Start of Data shown

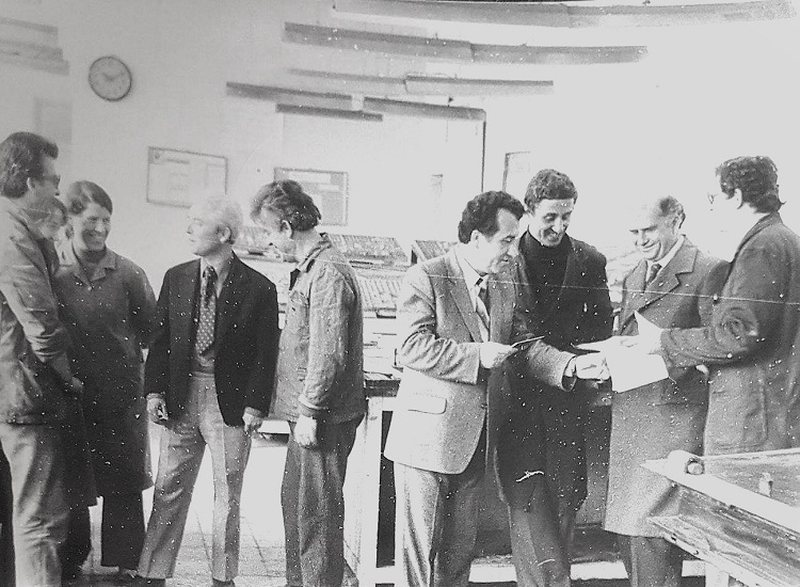 deshmia-e-rralle-e-limoz-dizdarit-babane-e-vrane-pas-shpine-shoket-e-tij-po-ashtu-edhe-vellane-tim-pasi-e-detyruan-te-vriste-nje-deputet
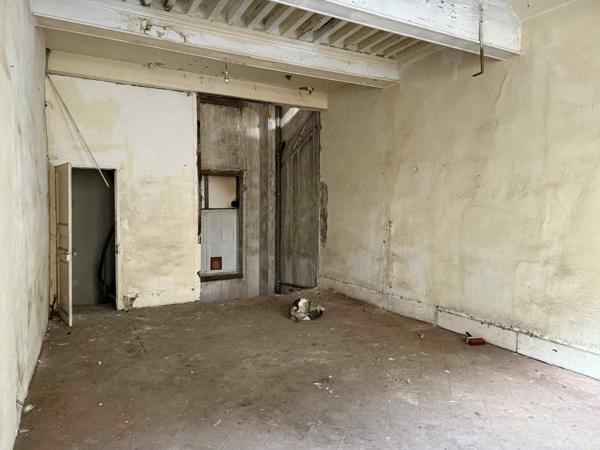 Immeuble de caractère à rénover – Emplacement premium dans la Bastide St Louis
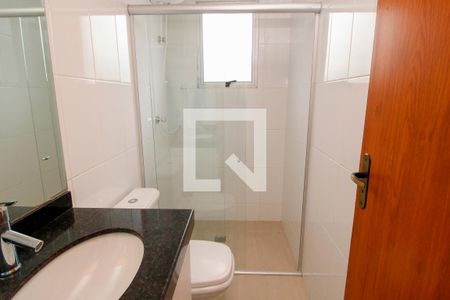 Banheiro Social de apartamento para alugar com 3 quartos, 100m² em Ipiranga, Belo Horizonte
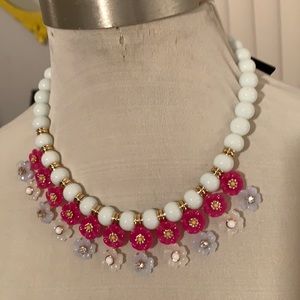 Ann Taylor beautiful pink and white necklace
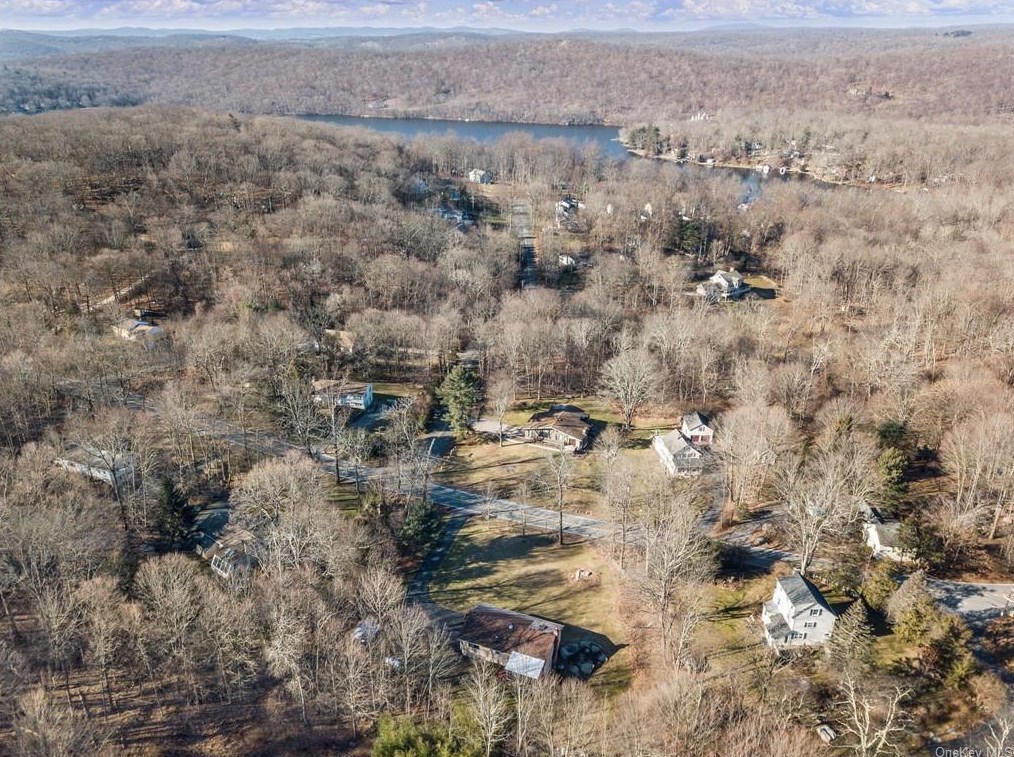 668 Oscawana Lake Rd, Tompkins Corners, NY 10579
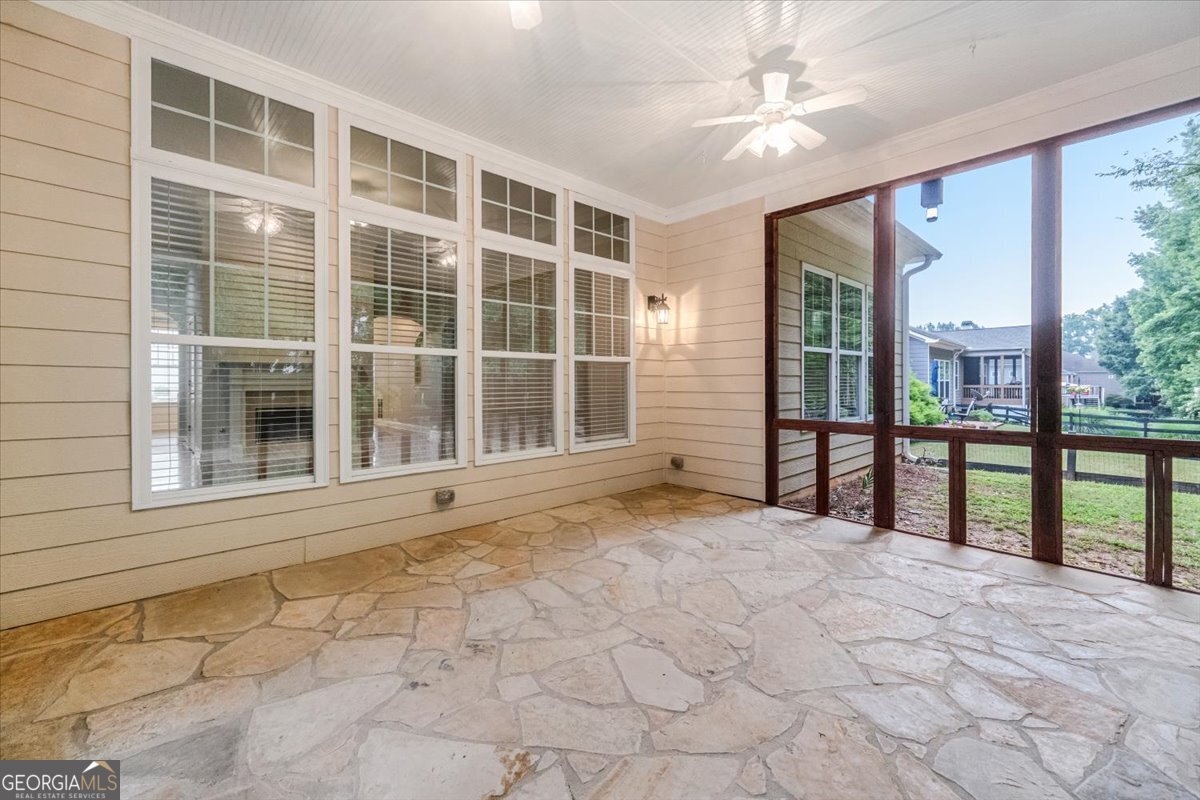 1067 Creekwood Circle Madison - Photo 32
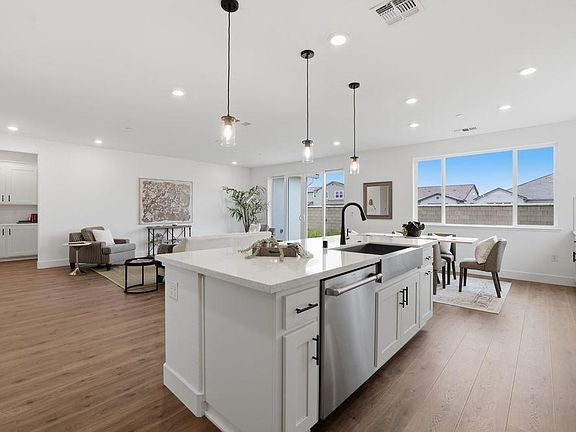 4th image of 10296 Evangaline Way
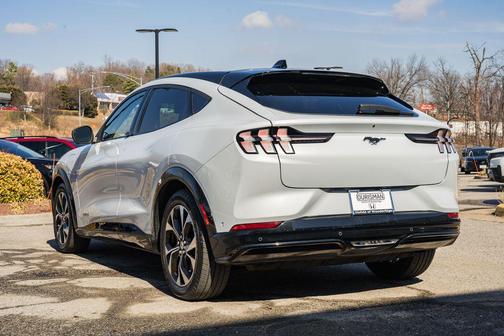 2022 Ford Mustang Mach-E Premium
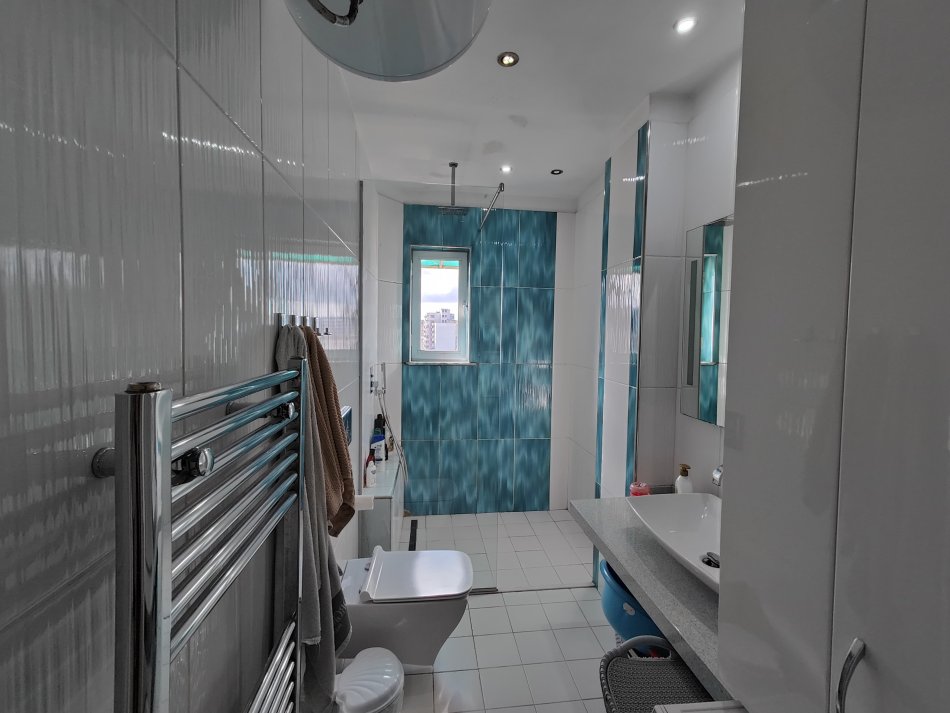 Tirane, jepet me qera apartament 2+1 Kati 9, 100 m² 800 € (Myslym Shyri)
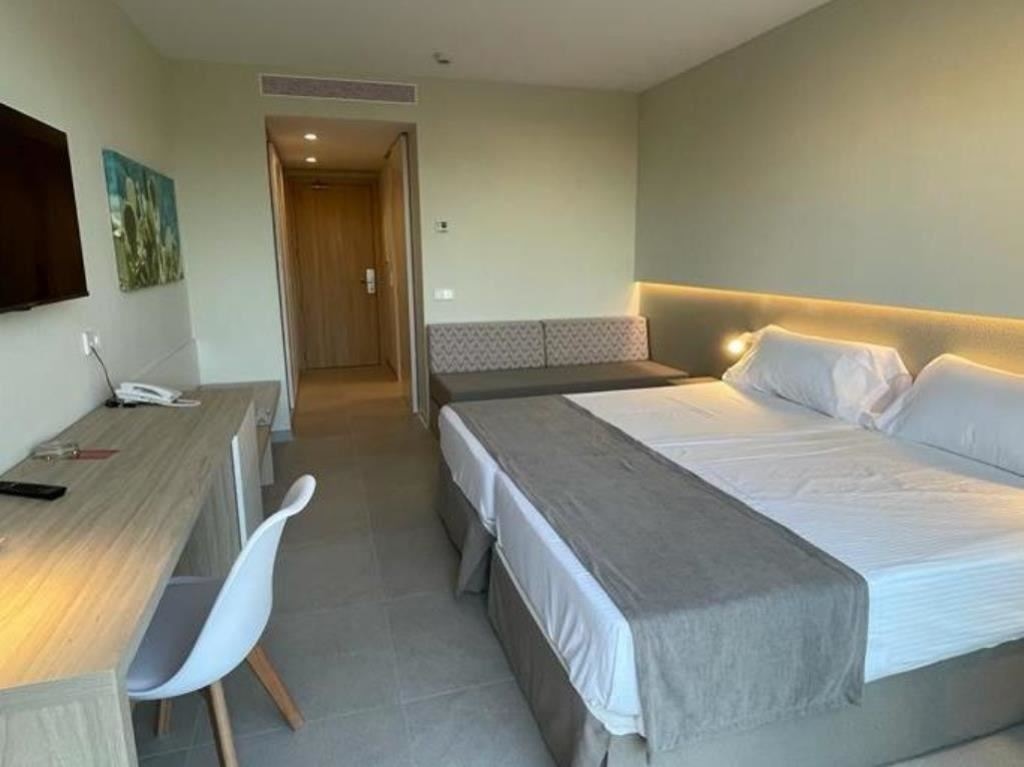 rooms-family-room-balcony-or-terrace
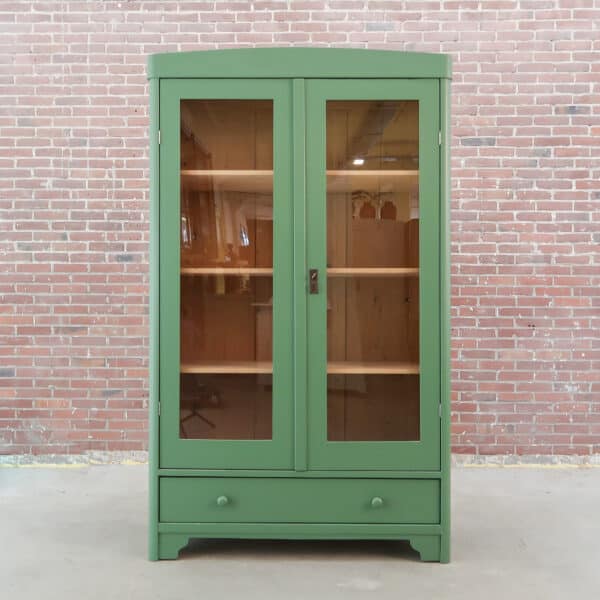 Brocante vitrinekast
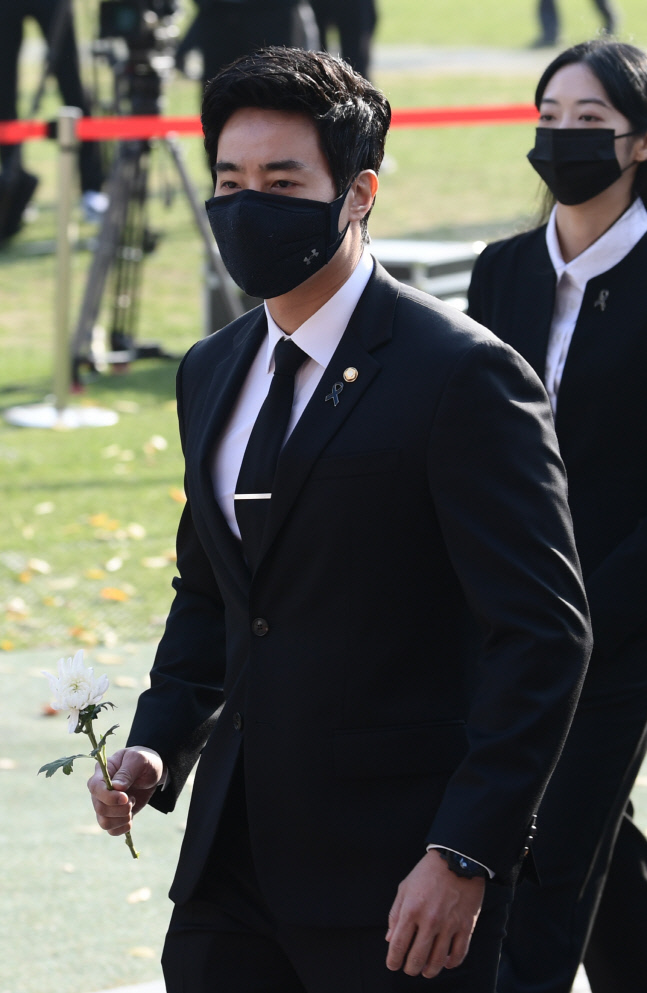 이태원 사고 사망자 합동분향소 찾은 이근 전 대위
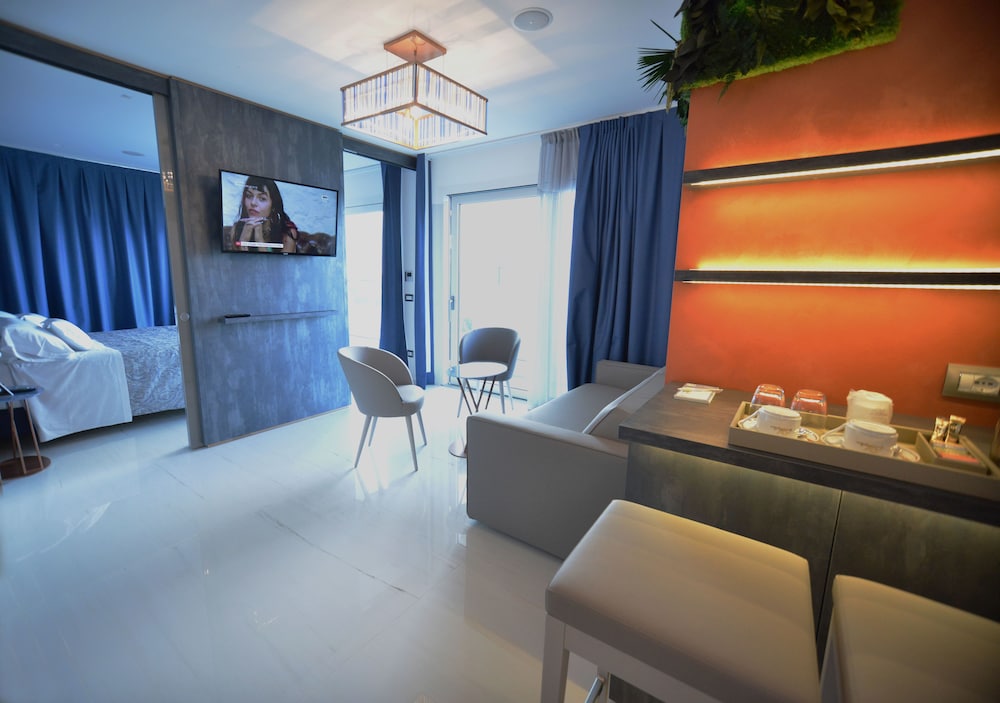 Suite, Jetted Tub, Sea View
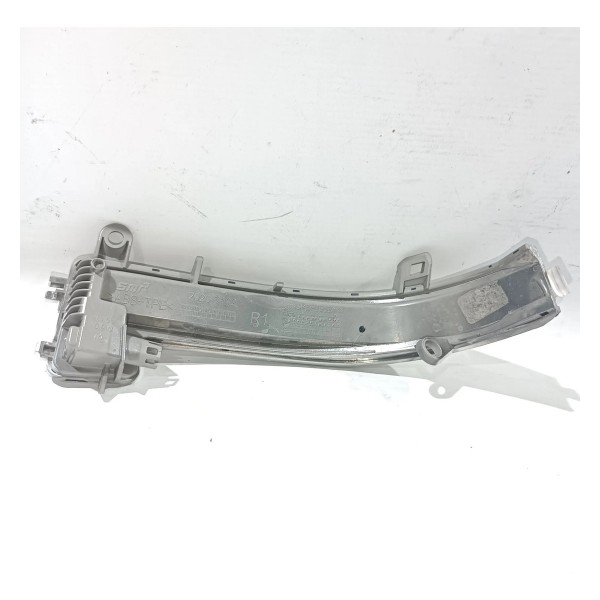 Pisca Retrovisor Esquerdo Bmw 320 F30 12 15 A046314 Detalhe Esquerdo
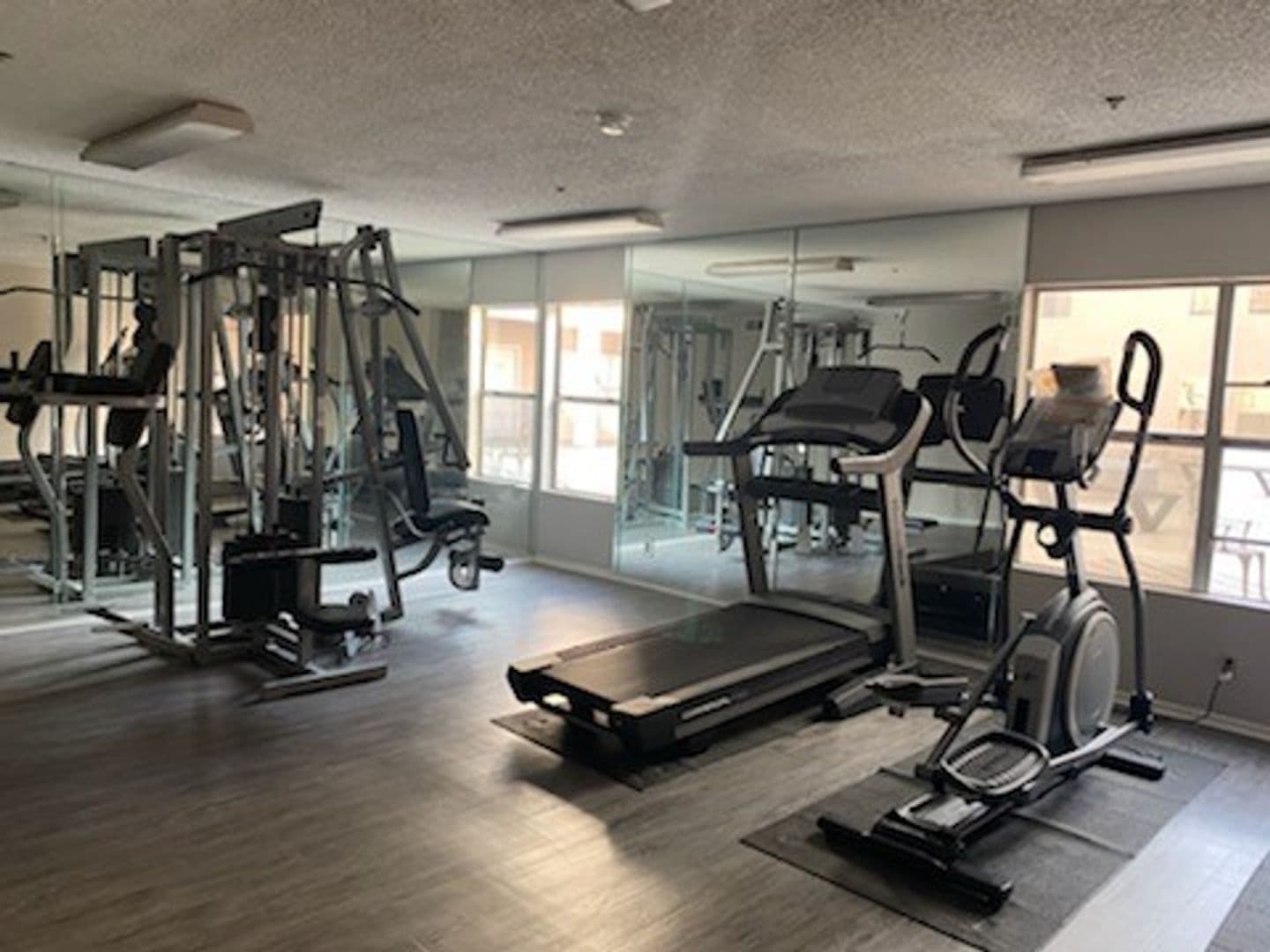 Los Angeles Apartment: 5332 Russell Avenue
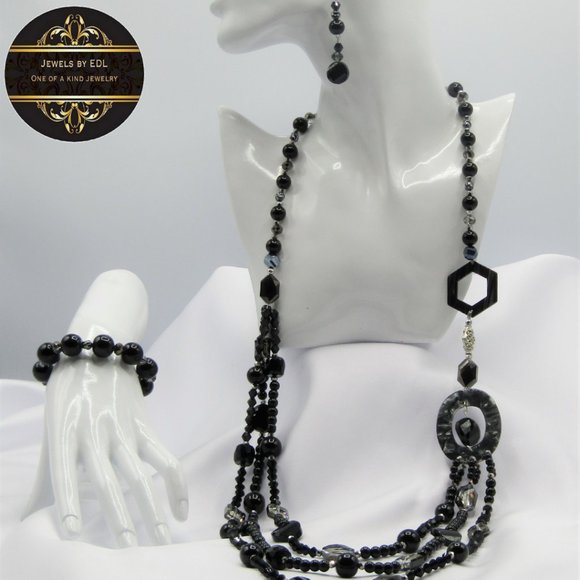 THE EMPRESS In BLACK Beaded Jewelry Set - Picture 1 of 7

End of Data shown

— To do —
Be exact. Write out all the entries and omit the pictures.

— Task output —
 deshmia-e-rralle-e-limoz-dizdarit-babane-e-vrane-pas-shpine-shoket-e-tij-po-ashtu-edhe-vellane-tim-pasi-e-detyruan-te-vriste-nje-deputet
 Immeuble de caractère à rénover – Emplacement premium dans la Bastide St Louis
 Banheiro Social de apartamento para alugar com 3 quartos, 100m² em Ipiranga, Belo Horizonte
 Ann Taylor beautiful pink and white necklace
 668 Oscawana Lake Rd, Tompkins Corners, NY 10579
 1067 Creekwood Circle Madison - Photo 32
 4th image of 10296 Evangaline Way
 2022 Ford Mustang Mach-E Premium
 Tirane, jepet me qera apartament 2+1 Kati 9, 100 m² 800 € (Myslym Shyri)
 rooms-family-room-balcony-or-terrace
 Brocante vitrinekast
 이태원 사고 사망자 합동분향소 찾은 이근 전 대위
 Suite, Jetted Tub, Sea View
 Pisca Retrovisor Esquerdo Bmw 320 F30 12 15 A046314 Detalhe Esquerdo
 Los Angeles Apartment: 5332 Russell Avenue
 THE EMPRESS In BLACK Beaded Jewelry Set - Picture 1 of 7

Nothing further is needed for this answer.